EXERCISE REQUIREMENTS
Starting at the line that holds "800W Folding Treadmill, Electric" and stopping at the line that holds "Primrue Faux Silk", restate the records below word for word, with both of those lines included.

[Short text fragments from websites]
BEGIN

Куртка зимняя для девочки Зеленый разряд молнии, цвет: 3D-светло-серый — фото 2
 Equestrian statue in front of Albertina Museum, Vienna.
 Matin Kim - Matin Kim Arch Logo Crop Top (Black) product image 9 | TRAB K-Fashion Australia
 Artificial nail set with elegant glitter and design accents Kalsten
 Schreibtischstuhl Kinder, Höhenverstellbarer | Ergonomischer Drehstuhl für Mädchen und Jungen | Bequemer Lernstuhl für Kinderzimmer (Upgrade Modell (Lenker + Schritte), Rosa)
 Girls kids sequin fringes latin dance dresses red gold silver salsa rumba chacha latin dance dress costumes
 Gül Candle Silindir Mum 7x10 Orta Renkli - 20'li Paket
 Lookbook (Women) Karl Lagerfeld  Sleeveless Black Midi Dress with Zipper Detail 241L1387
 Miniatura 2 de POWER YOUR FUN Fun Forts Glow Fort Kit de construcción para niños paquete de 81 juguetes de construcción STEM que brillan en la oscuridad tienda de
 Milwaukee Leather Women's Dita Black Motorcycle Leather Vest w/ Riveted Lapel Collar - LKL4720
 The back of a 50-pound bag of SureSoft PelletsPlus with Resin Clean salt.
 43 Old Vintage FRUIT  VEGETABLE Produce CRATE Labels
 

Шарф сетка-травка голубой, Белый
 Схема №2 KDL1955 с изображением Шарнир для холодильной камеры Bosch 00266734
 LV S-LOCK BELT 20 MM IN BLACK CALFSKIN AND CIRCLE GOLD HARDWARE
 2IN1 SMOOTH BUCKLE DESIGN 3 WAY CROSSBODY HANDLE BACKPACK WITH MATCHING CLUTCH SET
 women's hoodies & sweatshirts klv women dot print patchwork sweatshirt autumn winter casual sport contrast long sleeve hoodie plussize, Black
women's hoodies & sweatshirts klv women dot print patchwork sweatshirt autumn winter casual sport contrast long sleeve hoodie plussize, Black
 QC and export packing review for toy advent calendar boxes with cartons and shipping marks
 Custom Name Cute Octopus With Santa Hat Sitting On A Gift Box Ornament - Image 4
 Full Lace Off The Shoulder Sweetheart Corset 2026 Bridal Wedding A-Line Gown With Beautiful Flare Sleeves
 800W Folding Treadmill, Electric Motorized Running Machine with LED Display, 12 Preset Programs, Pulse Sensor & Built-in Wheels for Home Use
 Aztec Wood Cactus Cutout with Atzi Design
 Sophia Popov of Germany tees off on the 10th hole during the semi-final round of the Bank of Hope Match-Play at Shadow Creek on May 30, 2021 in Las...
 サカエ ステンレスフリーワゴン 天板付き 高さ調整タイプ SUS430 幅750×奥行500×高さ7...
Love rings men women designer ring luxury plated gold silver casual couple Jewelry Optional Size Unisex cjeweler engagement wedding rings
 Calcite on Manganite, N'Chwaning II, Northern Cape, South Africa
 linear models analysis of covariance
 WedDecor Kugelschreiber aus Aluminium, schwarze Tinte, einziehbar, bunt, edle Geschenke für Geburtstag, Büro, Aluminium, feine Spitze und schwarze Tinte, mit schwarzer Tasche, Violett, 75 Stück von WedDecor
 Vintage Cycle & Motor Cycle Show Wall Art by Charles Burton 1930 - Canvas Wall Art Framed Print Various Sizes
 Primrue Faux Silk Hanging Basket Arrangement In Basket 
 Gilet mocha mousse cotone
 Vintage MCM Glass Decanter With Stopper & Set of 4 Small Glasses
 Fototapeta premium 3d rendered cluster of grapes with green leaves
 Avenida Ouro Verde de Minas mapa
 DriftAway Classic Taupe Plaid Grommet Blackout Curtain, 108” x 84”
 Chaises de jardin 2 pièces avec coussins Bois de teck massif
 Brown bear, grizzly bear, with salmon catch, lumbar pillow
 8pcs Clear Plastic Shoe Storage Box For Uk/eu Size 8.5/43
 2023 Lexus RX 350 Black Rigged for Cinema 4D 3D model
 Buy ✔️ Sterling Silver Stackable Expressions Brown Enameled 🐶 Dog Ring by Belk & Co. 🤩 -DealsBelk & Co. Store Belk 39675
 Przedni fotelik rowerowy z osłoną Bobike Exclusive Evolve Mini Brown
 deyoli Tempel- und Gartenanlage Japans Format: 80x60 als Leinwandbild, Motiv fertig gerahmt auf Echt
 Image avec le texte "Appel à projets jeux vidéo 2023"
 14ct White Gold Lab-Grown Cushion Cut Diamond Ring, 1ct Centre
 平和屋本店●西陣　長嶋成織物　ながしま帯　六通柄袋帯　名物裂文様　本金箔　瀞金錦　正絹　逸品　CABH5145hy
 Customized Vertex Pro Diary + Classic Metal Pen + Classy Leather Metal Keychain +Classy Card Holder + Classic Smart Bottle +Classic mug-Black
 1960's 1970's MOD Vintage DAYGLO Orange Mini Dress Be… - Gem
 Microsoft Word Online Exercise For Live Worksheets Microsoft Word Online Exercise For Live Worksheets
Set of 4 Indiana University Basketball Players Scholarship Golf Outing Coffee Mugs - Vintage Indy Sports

END

EXPECTED ANSWER
 800W Folding Treadmill, Electric Motorized Running Machine with LED Display, 12 Preset Programs, Pulse Sensor & Built-in Wheels for Home Use
 Aztec Wood Cactus Cutout with Atzi Design
 Sophia Popov of Germany tees off on the 10th hole during the semi-final round of the Bank of Hope Match-Play at Shadow Creek on May 30, 2021 in Las...
 サカエ ステンレスフリーワゴン 天板付き 高さ調整タイプ SUS430 幅750×奥行500×高さ7...
Love rings men women designer ring luxury plated gold silver casual couple Jewelry Optional Size Unisex cjeweler engagement wedding rings
 Calcite on Manganite, N'Chwaning II, Northern Cape, South Africa
 linear models analysis of covariance
 WedDecor Kugelschreiber aus Aluminium, schwarze Tinte, einziehbar, bunt, edle Geschenke für Geburtstag, Büro, Aluminium, feine Spitze und schwarze Tinte, mit schwarzer Tasche, Violett, 75 Stück von WedDecor
 Vintage Cycle & Motor Cycle Show Wall Art by Charles Burton 1930 - Canvas Wall Art Framed Print Various Sizes
 Primrue Faux Silk Hanging Basket Arrangement In Basket 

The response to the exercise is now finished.